32 Minn. 76 | Minn. | 1884
The plaintiffs’ claim for driving the 400,000 feet of' logs was based upon an alleged undertaking on their part to drive them at an alleged special request of the defendants. If such was the undertaking, and plaintiffs performed it, as there was competent evidence tending to show, then, in the absence of an agreed price, plaintiffs were entitled to recover the reasonable value of their services. Whether the undertaking was performed wholly by plaintiffs themselves, or in part by other persons whose services they recognized and paid for, is quite immaterial. It is enough for defendants that it was performed, whether by or on behalf of the plaintiffs. Upon the pleadings, and the whole theory of the case and course of the trial, we think the court was entirely justified in treating the drive testified to as a drive into the St.
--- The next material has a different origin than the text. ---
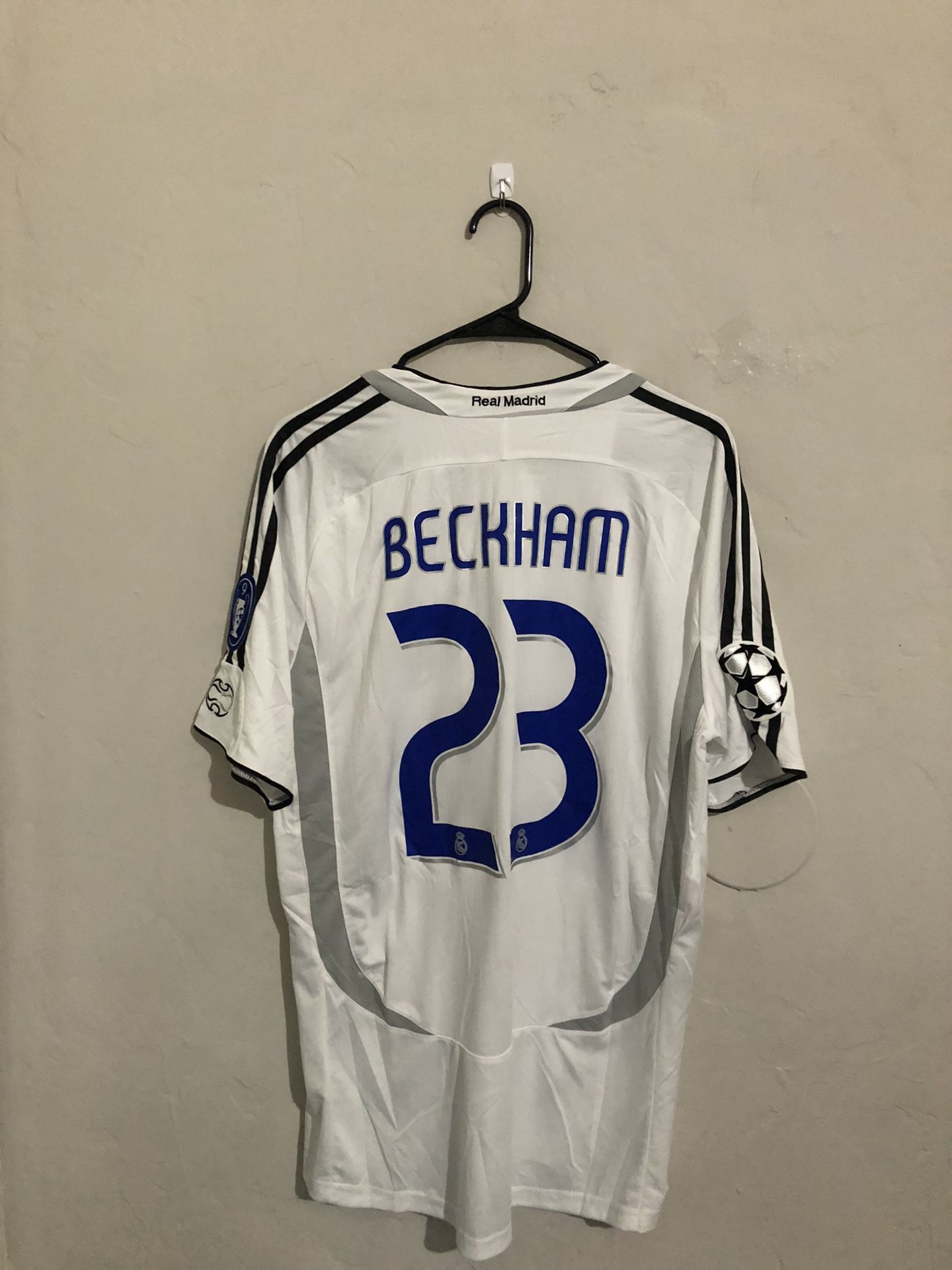 Real Madrid 2006-07 Home Beckham Jersey (medium Large XL)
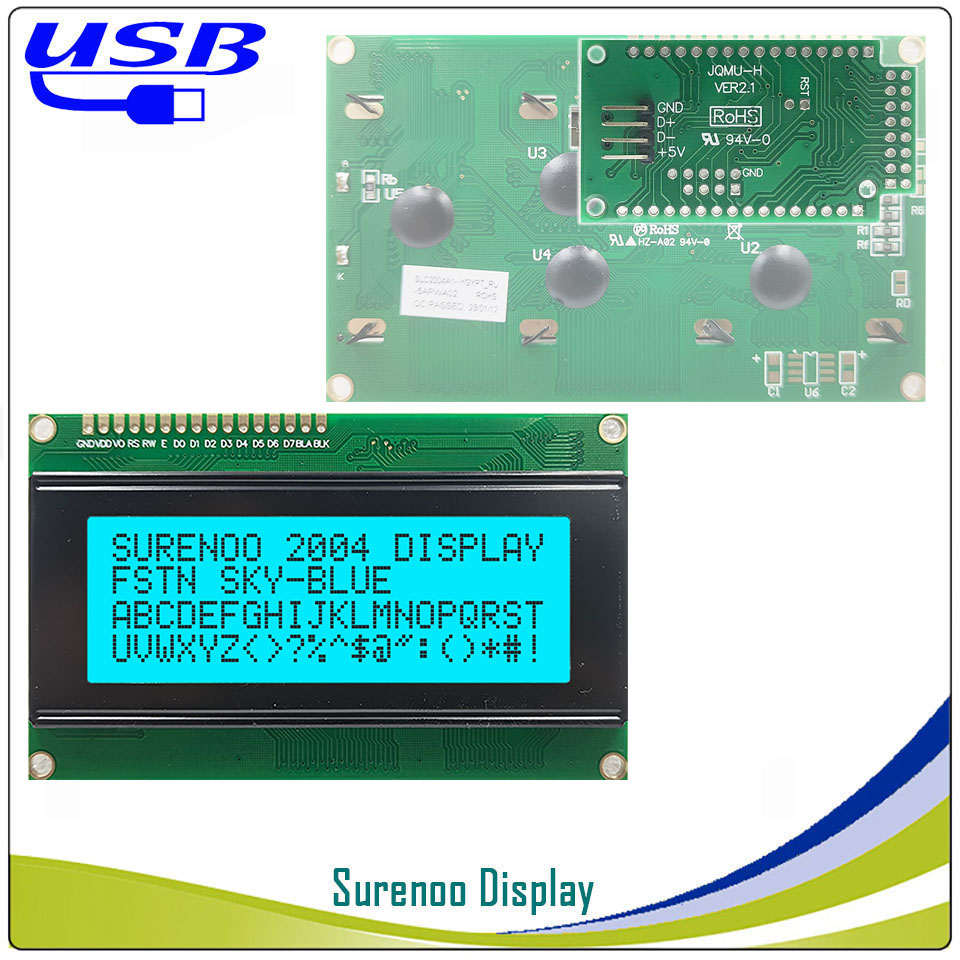 Surenoo LCD2USB USB 204 20X4 2 - Lcd 1602 incelemesi ve fiyatı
Croix boom, and in instructing the jury accordingly. And there was competent evidence clearly tending to show that, as respects the 400,000 feet, this drive was accomplished.
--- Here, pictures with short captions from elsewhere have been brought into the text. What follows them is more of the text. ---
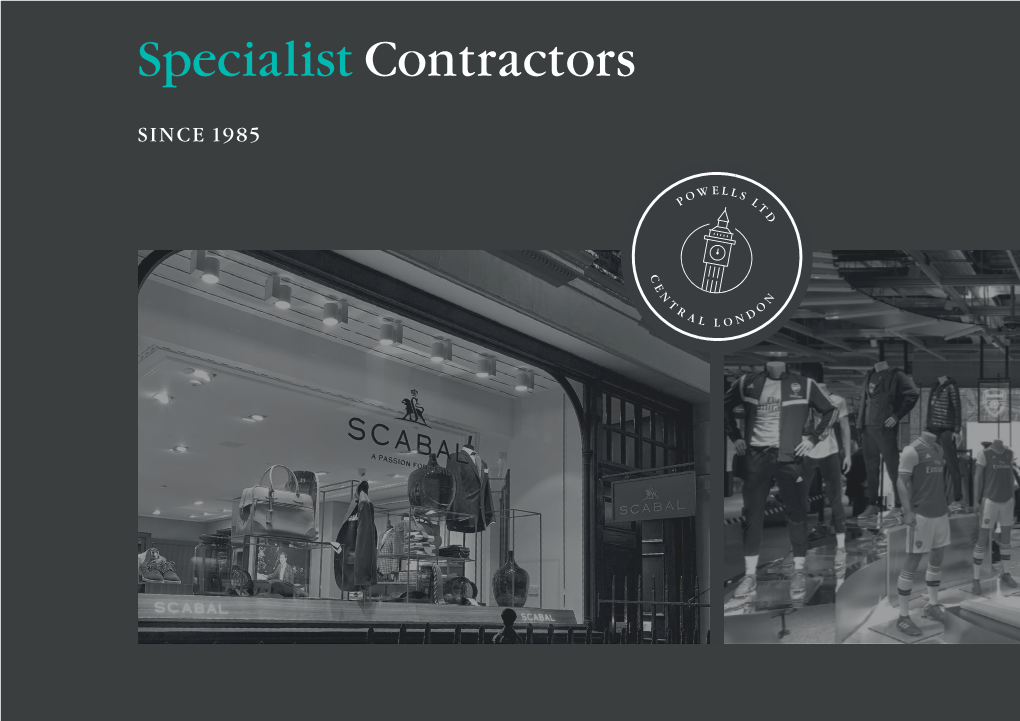 Specialist Contractors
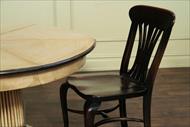 Dark wood dining chairs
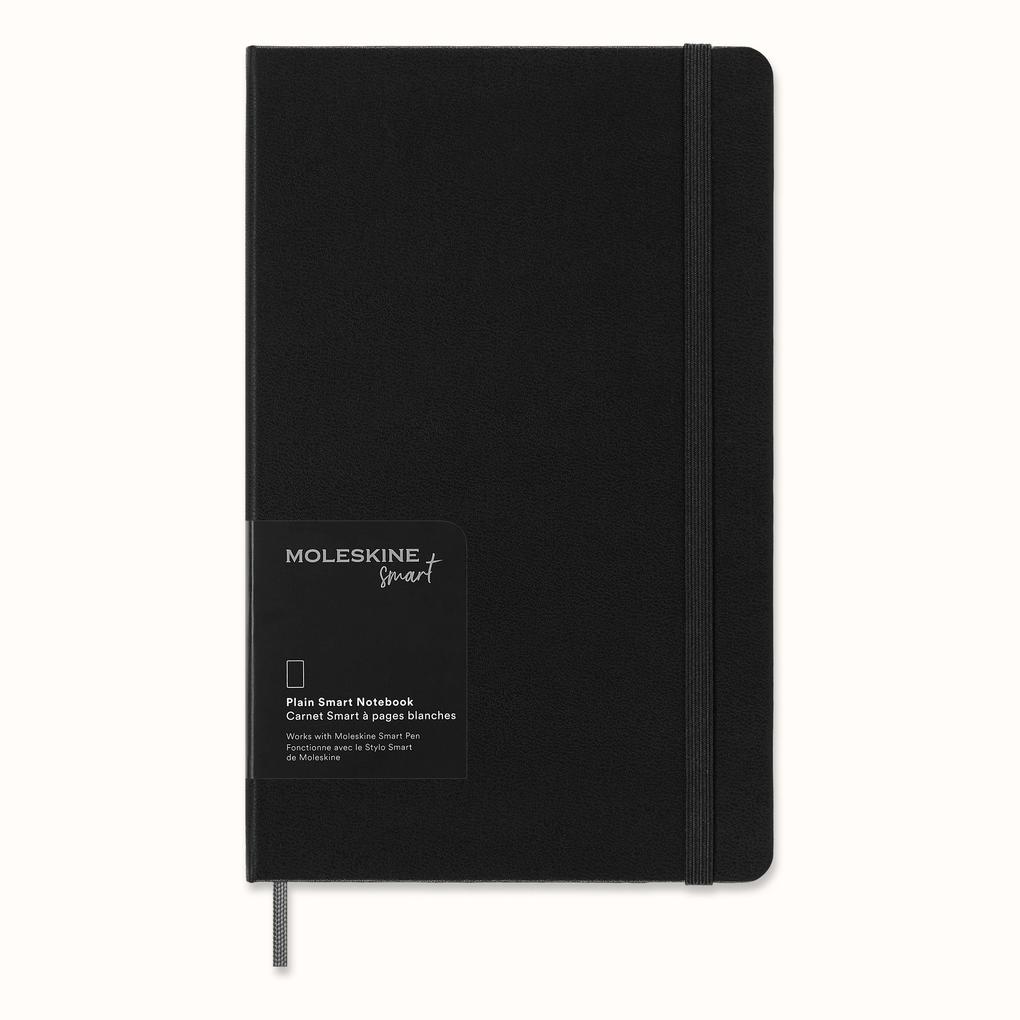 Moleskine Smart Notebook Large Plain Black Hard Cover (5 x 8.25)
The plaintiffs’ other claim, viz., that for driving the sixteen or seventeen hundred thousand feet of logs, less the 400,000 feet, is based upon a statute (Gen. St. 1878, c. 32, § 78) authorizing a person who is hindered and obstructed in driving logs by the logs of another, or whose logs are intermixed with those of another, so that they cannot conveniently be separated for the purpose of being driven, to drive-such obstructing or hindering or intermixed logs to some point where they can be conveniently separated from his own, and to recover a. reasonable compensation for so doing from the owner. If the logs-of A are in the way of the logs of B, so that B cannot drive his until A’s are got out of the way, B is hindered or obstructed, within the meaning of the statute. It is not necessary, to constitute such hindrance or obstruction, that the logs of B should have come- in actual contact with those of A. This is all that we deem it necessary to say
It follows, from the foregoing, that the defendants’ motion to dismiss, and their motion for a new trial, were both properly denied. The order denying a new trial is accordingly affirmed.
Dickinson, J., because of illness, took no part in this decision.